Both products 1 and 2 were modelled, and their energies compared to see which was the thermodynamic (more stable) product, and so which bond will be hydrogenated.
| Energies (kcal/mol) | Product 2 | Product 1 |
|---|---|---|
| Bend | 19.818 | 14.5306 |
| Stretch-Bend | -0.8382 | -0.546 |
| Torsion | 10.8217 | 12.5066 |
| Non-1,4 VDW | -1.1994 | -1.0721 |
| 1,4 VDW | 5.6307 | 4.4971 |
| Dipole/Dipole | 0.162 | 0.1407 |
| Total Energy | 35.6989 | 31.1617 |
These results show that product 1 has the lowest energy and so is the thermodynamic product, and most likely product. This is in agreement with results found by Skala and Hanika[2], which also states that product 1 is both the kinetic and thermodynamic product in this reaction. It can be seen that the largest difference in energy between the two products is in the bending energy (19.818 and 14.5306 kcal/mol respectively), this is due to greater ring strain in the norbornene than the cyclopentene double bond. This makes the norbornene double bond more reactive and so hydrogenated more easily, forming product 1.

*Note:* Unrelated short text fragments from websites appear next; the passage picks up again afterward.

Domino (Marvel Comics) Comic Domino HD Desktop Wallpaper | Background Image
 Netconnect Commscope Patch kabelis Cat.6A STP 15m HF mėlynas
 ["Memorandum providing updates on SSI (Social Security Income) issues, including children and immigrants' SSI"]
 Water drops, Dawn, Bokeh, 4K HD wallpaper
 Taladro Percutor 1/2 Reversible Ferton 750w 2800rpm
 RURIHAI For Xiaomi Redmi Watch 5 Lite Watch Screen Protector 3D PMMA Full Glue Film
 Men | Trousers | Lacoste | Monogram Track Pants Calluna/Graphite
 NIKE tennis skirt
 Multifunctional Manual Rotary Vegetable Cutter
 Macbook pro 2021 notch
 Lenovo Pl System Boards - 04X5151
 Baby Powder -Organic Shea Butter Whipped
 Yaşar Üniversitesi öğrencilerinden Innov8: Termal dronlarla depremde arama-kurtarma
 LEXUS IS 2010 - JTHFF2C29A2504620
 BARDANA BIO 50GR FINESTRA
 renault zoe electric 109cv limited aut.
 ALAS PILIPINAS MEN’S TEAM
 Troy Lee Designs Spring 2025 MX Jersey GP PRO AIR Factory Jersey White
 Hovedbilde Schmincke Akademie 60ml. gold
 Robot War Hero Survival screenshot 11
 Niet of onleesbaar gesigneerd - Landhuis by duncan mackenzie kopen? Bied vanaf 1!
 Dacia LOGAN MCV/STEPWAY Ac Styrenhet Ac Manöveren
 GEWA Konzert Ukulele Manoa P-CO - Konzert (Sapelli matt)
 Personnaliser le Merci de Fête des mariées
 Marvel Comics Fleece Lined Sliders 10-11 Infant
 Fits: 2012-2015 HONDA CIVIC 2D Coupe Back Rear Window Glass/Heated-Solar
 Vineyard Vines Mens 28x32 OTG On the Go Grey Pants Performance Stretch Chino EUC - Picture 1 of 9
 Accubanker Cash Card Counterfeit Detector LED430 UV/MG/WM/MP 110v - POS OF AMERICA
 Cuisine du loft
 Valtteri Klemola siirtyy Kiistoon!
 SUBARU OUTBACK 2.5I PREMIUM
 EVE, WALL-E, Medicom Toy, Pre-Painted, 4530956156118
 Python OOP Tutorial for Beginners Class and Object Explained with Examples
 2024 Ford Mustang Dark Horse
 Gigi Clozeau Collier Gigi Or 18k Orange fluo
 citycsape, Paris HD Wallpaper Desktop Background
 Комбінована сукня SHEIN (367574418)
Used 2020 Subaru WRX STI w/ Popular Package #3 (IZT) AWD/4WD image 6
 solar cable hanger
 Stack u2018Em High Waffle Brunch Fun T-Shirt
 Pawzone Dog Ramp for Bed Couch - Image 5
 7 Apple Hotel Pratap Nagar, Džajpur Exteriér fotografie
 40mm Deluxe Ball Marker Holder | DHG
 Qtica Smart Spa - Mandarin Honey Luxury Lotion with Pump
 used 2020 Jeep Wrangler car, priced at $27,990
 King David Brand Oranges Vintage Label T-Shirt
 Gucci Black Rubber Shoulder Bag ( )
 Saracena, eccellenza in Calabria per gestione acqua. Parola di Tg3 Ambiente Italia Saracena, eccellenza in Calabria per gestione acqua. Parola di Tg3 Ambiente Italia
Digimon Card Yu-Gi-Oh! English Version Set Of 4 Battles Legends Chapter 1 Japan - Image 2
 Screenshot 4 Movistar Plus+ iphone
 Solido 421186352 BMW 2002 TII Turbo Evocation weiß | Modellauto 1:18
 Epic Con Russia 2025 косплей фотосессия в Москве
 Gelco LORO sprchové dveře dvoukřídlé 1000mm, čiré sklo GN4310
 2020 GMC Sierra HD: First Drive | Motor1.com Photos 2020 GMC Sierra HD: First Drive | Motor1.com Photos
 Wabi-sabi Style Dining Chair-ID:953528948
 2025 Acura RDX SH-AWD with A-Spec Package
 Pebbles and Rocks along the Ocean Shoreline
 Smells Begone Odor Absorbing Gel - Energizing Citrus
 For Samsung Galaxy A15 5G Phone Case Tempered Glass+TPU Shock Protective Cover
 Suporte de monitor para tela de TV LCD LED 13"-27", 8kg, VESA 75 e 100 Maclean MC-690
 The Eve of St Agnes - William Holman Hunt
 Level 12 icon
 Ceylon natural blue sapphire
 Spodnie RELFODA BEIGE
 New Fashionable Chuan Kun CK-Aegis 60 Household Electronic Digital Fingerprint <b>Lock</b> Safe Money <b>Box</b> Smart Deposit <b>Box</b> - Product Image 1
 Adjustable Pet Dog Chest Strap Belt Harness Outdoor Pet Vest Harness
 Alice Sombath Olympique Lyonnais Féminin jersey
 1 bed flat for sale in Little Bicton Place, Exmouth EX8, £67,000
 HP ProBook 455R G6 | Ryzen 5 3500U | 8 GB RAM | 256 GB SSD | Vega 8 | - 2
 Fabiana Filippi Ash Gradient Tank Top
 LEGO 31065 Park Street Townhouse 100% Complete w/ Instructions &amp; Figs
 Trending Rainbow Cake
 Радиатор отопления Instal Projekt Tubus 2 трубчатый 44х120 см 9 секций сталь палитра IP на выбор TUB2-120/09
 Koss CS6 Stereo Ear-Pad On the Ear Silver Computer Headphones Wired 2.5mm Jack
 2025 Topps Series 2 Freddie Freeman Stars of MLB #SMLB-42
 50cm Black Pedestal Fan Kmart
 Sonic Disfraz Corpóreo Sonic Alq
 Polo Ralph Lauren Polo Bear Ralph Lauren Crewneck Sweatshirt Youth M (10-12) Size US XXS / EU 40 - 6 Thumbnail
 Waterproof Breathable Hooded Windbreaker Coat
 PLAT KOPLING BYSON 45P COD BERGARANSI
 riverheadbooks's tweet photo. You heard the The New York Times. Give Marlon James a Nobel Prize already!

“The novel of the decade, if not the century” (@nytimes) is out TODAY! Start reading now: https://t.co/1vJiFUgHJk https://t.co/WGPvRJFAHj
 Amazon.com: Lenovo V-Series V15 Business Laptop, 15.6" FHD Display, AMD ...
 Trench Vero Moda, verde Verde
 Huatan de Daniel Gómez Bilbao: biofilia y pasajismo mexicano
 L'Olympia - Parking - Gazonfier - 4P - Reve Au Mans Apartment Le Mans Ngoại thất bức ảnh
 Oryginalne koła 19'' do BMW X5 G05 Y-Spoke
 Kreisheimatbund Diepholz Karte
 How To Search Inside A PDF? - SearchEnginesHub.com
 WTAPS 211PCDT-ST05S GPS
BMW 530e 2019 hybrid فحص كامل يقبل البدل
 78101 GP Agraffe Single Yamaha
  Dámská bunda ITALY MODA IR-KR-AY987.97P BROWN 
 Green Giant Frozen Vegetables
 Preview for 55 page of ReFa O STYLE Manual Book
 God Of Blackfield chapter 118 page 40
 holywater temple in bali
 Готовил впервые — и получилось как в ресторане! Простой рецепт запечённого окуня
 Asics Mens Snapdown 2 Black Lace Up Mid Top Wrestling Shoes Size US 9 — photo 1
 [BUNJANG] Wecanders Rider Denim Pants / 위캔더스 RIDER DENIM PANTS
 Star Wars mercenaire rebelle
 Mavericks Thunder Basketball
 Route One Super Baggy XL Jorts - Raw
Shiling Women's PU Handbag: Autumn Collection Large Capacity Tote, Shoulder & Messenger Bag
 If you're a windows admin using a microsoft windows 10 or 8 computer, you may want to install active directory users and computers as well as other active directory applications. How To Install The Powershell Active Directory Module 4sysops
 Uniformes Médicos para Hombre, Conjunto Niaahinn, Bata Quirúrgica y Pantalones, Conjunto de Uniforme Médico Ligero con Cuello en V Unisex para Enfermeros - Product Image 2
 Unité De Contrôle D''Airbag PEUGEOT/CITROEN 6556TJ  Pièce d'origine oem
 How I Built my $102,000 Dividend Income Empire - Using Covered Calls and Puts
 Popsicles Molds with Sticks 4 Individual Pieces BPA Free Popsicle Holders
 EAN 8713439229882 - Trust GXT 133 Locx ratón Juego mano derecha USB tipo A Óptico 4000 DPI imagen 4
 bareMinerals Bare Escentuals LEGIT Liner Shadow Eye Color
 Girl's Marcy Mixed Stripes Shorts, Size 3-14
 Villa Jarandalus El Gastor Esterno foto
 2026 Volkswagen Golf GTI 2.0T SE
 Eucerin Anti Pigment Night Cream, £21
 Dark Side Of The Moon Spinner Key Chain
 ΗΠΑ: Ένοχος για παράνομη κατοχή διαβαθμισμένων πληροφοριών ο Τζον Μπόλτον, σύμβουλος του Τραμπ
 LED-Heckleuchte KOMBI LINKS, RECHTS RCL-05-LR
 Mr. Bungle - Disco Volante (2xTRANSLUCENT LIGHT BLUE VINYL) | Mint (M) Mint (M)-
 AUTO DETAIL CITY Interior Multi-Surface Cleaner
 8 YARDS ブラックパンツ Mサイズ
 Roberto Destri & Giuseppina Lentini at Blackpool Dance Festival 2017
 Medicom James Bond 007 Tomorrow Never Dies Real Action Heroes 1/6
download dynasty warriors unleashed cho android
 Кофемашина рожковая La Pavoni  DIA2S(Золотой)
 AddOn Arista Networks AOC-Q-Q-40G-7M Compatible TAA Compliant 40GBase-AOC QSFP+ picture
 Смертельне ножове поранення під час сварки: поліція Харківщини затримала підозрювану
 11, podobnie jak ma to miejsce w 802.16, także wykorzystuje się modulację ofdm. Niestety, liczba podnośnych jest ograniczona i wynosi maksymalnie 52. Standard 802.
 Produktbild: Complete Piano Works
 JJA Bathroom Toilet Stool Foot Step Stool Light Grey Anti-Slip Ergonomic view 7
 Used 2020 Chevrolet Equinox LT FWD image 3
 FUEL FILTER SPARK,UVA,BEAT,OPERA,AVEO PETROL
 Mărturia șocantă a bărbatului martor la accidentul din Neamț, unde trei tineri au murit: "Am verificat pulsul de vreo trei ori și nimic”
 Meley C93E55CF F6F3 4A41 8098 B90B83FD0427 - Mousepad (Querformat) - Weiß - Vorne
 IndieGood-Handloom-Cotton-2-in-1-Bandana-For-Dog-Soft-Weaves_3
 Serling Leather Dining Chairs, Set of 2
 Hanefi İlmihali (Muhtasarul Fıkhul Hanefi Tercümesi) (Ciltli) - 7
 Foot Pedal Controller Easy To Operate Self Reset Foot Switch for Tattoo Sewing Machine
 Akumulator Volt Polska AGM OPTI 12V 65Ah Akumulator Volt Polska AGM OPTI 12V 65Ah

It has been found[2] that after product 1 has been formed, the cyclopentene double bond can then also be hydrogentated to give a tetrahydro-derivative.
2. Stereochemistry of Nucleophilic Additions to a Pyridinium Ring (NAD+ analogue)
This section investigates two reactions, where the 4 position of a pyridine ring undergoes nucleophilic attack. First attack of N-methyl pyridoxazepinone (5) by methyl magnesium iodide will be studied, and then the reaction between aniline and N-methyl quinolium (7).
MM2 in ChemBio3D Ultra 12.0 (ChemBioOffice 2010) was used for all calculations in this experiment. It was found that using a "Minimum RMS Gradient" of 0.001 was as fast as the default 0.1 and so was used throughout.
Reaction between N-methyl pyridoxazepinone and methyl magnesium iodide
In this reaction the methyl magnesium iodide is a Grignard reagent, where the methyl group acts as a nucleophile; attacking the pyridine ring both regioselectively and stereoselectively.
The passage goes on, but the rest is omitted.